Major extension of Puratos range sees consumer favourite chocolate flavour released

Belgian-headquartered ingredients group, Puratos has unveiled a notable extension of its Ambiante range of ready-to-whip toppings, with its latest chocolate flavour, which has retained its place as a consumer favourite.

According to the company, its latest offering is is 100% dairy-free, with no artificial flavours or colours (NAFNAC) and uses cocoa powder from its sustainable Cacao-Trace programme, supporting key producing nations’ agricultural communities.

With a smooth, mousse-like texture, Ambiante Chocolate Flavour, has been developed to assist customers create consistently high-quality fillings, decorations and toppings for patisserie and desserts in a convenient, cost-efficient way.

The new Ambiante Chocolate Flavor contains 14% fat and boasts an exceptional overrun, gaining up to 3.5 times its original volume during whipping, in comparison to the average overrun of just two times when using a standard dairy cream and cocoa powder combination.
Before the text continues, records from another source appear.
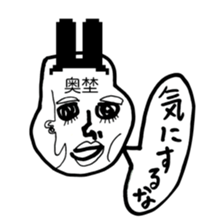 278954291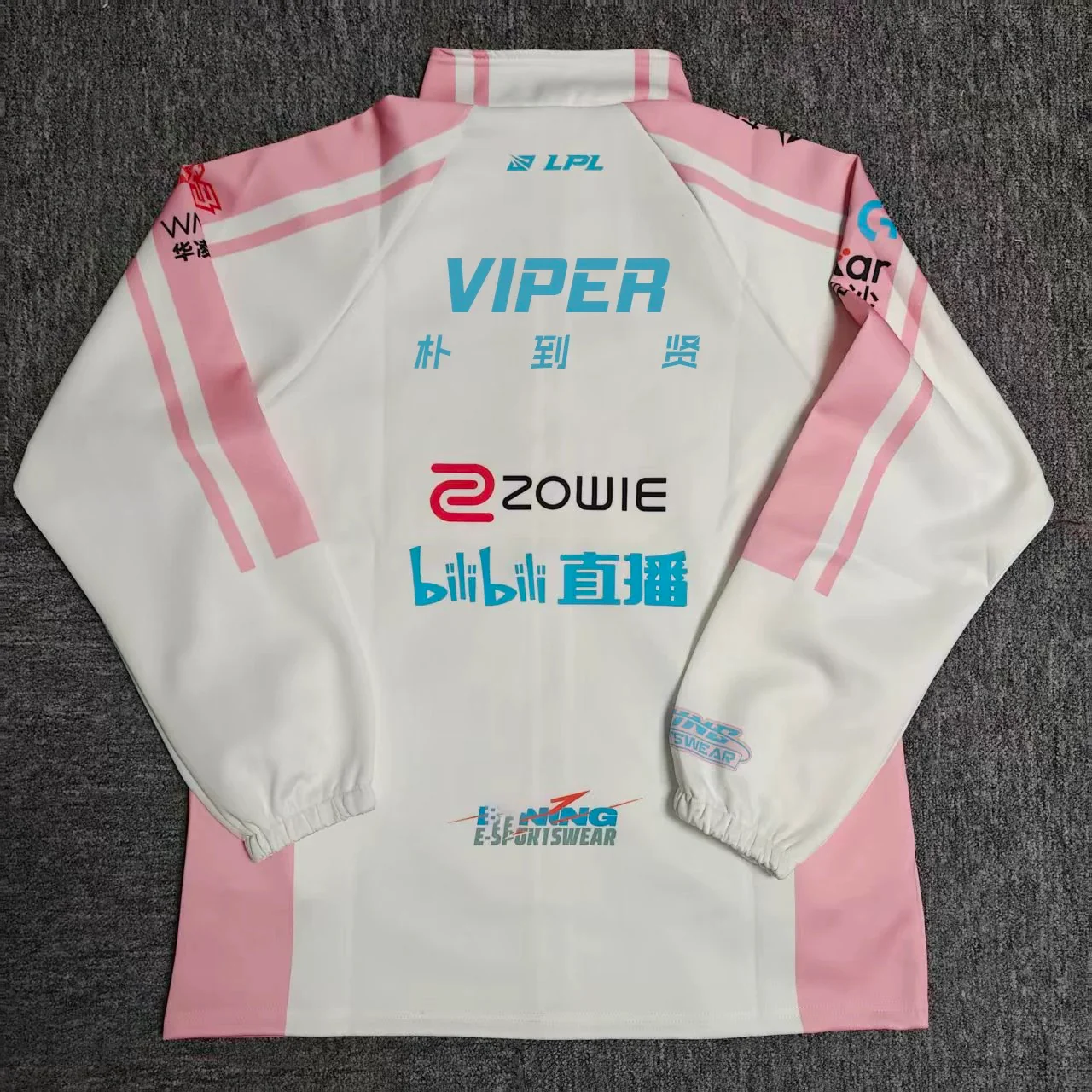 BLG Team Uniform 2026 Global Pioneer Tournament LPL Team Spring/Autumn Jacket - Image 2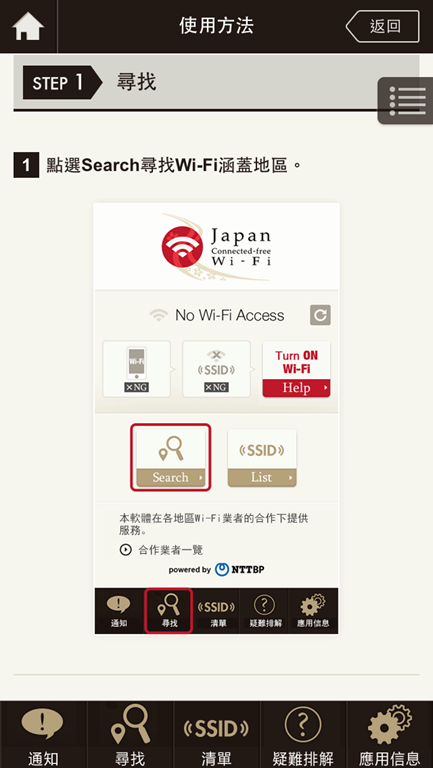 [Japan-Connected-free-Wi-FiApp_114.png]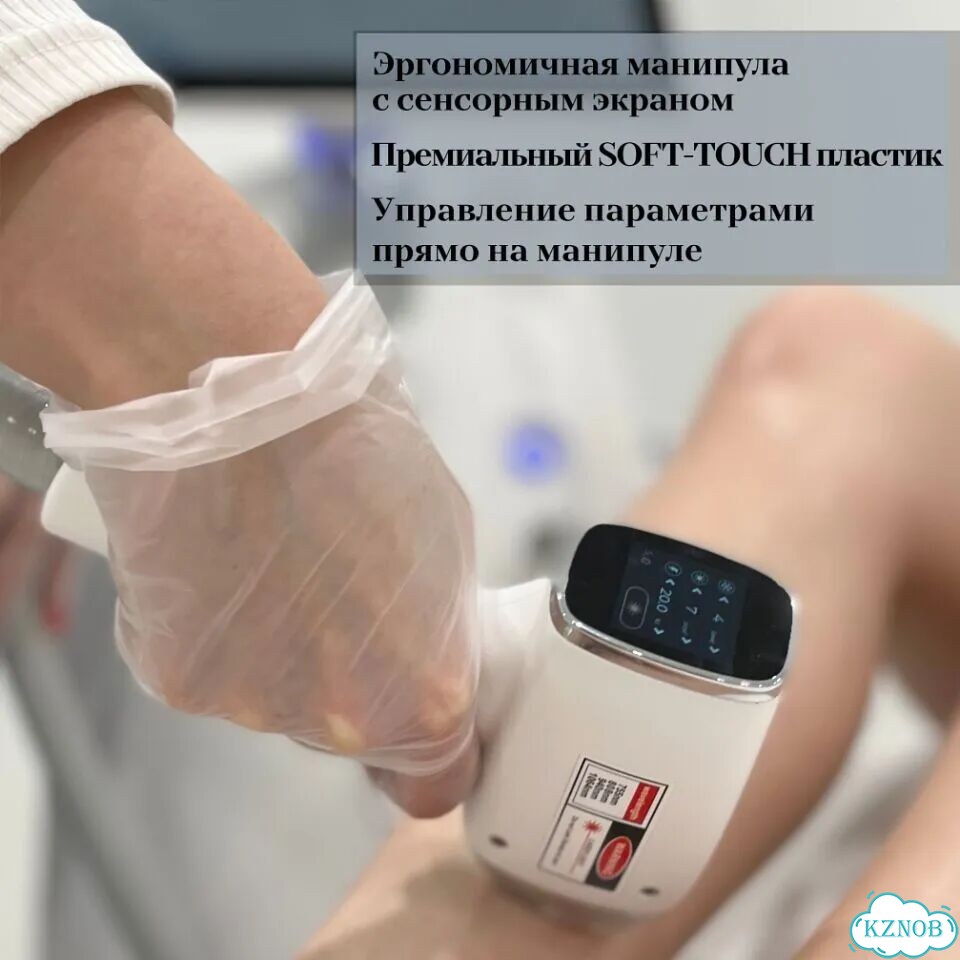 Аппарат для лазерной эпиляцииМакс-Плюс+2000qv 2026 г гарантия фото 7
Produced using UHT technology, it can be easily stored unopened at room temperature (between 2-20°) for up to nine months. Furthermore, after whipping and applying, patisserie creations are freeze-thaw stable, or they can be stored in a refrigerator for up to five days. Together, these factors mean Ambiante Chocolate Flavour constitutes a long lasting solution with superb visual appeal.

Cocoa support
As part of the Cacao-Trace initiative, farmers are paid an annual ‘Chocolate Bonus’: with every 1kg of Ambiante Chocolate Flavor sold, they receive a premium of €0,05 directly or via community funding projects – another step towards creating a truly sustainable cocoa and chocolate supply chain. As Ambiante Chocolate Flavor is 100% plant-based, it also has half the lower environmental footprint of traditional dairy options. This has been verified by GF-impact, using the Product Environmental Footprint Method as part of Puratos’s life-cycle assessment (LCA) initiative.

Ambiante Chocolate Flavoyr can be used to add visual appeal and a desirable chocolate taste in a wide range of applications, such as traditional truffle cake and creative reinventions of the classic Latin American specialty, tres leches cake, as well as éclair fillings or chocolate mousses. Ideal as a standalone flavour or combined with other types of chocolate, the new ready-to-whip topping has been developed to enhance chocolate desserts.

“Consumer expectations are high when it comes to patisserie; they want a delicate flavour and texture, freshness and the use of sustainably-sourced ingredients – often catering to specific dietary preferences. So, when developing a whippable topping in everyone’s favourite patisserie flavour, chocolate, it was important to get every aspect right,” comments Laurent Thomé, Business Unit Director – Plant-based Solutions at Puratos.

“We created Ambiante Chocolate Flavor to meet these growing needs and help make manufacturers’ lives easier. Unlike many labor-intensive chocolate creams, Ambiante delivers consistent quality, taste and color – ready for producers and artisan bakers to whip up exciting patisserie creations.”